Together with the Limestone Alps National Park, the Dürrenstein-Lassingtal Wilderness Area was declared the FIRST World Natural Heritage Site in Austria by UNESCO.

Thus it is part of only a little more than 200 World Natural Heritage sites worldwide. 12 European countries have come together during the last decade to jointly create the World Natural Heritage Site "Old Primeval Beech Forests of the Carpathians and other regions of Europe".

The copper beech developed into the dominant tree species in Europe after the ice age, until it was pushed back to relatively few locations by man. From the isolated retreat areas in the Alps, in the Dinaric Alps, the Carpathians and the Pyrenees, the beech slowly returned to all of Europe, as far as Scandinavia, after the end of the last Ice Age about 12,000 years ago.

Since then, the beech forests of various forms have been included in the World Natural Heritage List. In Austria, the Limestone Alps National Park and the Dürrenstein-Lassingtal Wilderness Area participated in this unique, cross-border process.

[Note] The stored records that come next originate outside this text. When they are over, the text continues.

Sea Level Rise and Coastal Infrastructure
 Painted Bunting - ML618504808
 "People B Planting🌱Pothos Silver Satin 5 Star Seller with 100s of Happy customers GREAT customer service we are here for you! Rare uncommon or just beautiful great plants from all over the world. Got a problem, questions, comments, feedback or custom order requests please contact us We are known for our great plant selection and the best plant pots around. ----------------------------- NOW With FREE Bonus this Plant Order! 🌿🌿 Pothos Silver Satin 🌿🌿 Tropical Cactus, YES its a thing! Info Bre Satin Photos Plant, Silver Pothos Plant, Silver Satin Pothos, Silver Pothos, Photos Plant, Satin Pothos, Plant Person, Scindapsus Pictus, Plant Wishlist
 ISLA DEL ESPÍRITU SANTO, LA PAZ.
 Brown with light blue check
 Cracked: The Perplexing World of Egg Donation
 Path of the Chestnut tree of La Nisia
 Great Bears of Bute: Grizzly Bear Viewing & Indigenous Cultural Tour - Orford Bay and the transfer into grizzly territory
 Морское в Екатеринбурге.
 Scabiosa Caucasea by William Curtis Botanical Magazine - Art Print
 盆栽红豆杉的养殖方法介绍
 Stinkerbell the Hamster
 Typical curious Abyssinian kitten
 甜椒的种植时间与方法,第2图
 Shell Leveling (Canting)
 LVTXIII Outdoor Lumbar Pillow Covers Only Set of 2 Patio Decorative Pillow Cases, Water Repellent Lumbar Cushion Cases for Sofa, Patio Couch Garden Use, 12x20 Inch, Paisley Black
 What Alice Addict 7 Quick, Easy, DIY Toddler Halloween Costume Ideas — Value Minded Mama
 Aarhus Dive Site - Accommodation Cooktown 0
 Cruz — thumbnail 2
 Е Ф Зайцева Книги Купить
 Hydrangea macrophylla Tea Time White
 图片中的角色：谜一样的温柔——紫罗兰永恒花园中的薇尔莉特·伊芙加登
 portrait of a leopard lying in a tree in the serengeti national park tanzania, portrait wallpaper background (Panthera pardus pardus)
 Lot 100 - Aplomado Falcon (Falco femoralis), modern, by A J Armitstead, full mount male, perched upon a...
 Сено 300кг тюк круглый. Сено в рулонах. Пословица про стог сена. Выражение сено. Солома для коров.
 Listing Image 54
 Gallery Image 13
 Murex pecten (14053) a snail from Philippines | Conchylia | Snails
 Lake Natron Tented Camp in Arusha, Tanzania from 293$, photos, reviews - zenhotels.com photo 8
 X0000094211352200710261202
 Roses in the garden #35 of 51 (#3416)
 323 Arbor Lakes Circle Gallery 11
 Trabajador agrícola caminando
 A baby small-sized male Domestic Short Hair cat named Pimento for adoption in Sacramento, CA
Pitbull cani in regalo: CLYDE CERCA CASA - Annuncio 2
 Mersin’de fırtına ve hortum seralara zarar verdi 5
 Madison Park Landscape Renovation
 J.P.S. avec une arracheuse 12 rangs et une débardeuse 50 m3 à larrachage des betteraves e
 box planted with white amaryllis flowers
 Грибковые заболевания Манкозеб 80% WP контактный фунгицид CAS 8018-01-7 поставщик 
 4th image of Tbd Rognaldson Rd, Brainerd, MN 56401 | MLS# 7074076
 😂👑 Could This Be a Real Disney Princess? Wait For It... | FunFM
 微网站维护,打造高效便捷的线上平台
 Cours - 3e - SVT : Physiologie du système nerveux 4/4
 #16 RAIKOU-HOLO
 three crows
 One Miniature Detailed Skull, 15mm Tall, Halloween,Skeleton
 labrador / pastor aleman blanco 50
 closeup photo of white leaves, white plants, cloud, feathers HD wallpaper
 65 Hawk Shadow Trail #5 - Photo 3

With the Rothwald primeval forest, the wilderness area brought the only significant spruce-fir-beech primeval forest in the entire Alpine arc into the World Natural Heritage Site. It is the unique selling point of the Wilderness Area within the framework of the entire World Natural Heritage!

In 2017, the Wilderness Area was finally declared by UNESCO as the first World Natural Heritage Site in Austria and is thus in the same category as the Grand Canyon, the Galapagos Islands, the Dolomites or the Great Barrier Reef.

But what does it mean to be a World Heritage Site?

Since natural beech forests in Europe have been reduced to a small number of sites, the last natural and primeval beech forests provide refuges for rare species of fungi, plants and animals. The number of animal species in European beech forests alone is estimated at up to 10,000 species. Due to its importance for many species, some of which are threatened with extinction, the beech forest was therefore already chosen as Biotope of the Year in 1995. Especially the Ural owl returning to Austria is a typical beech (jungle) species.

The administration of the Dürrenstein-Lassingtal Wilderness Area now faces the challenge of securing the title of "World Natural Heritage Site" in the long term. This will be successful above all if the natural jewel is preserved in its substance and if the importance of the wilderness area as an important component for the preservation of natural diversity can be anchored in the minds of fellow humans.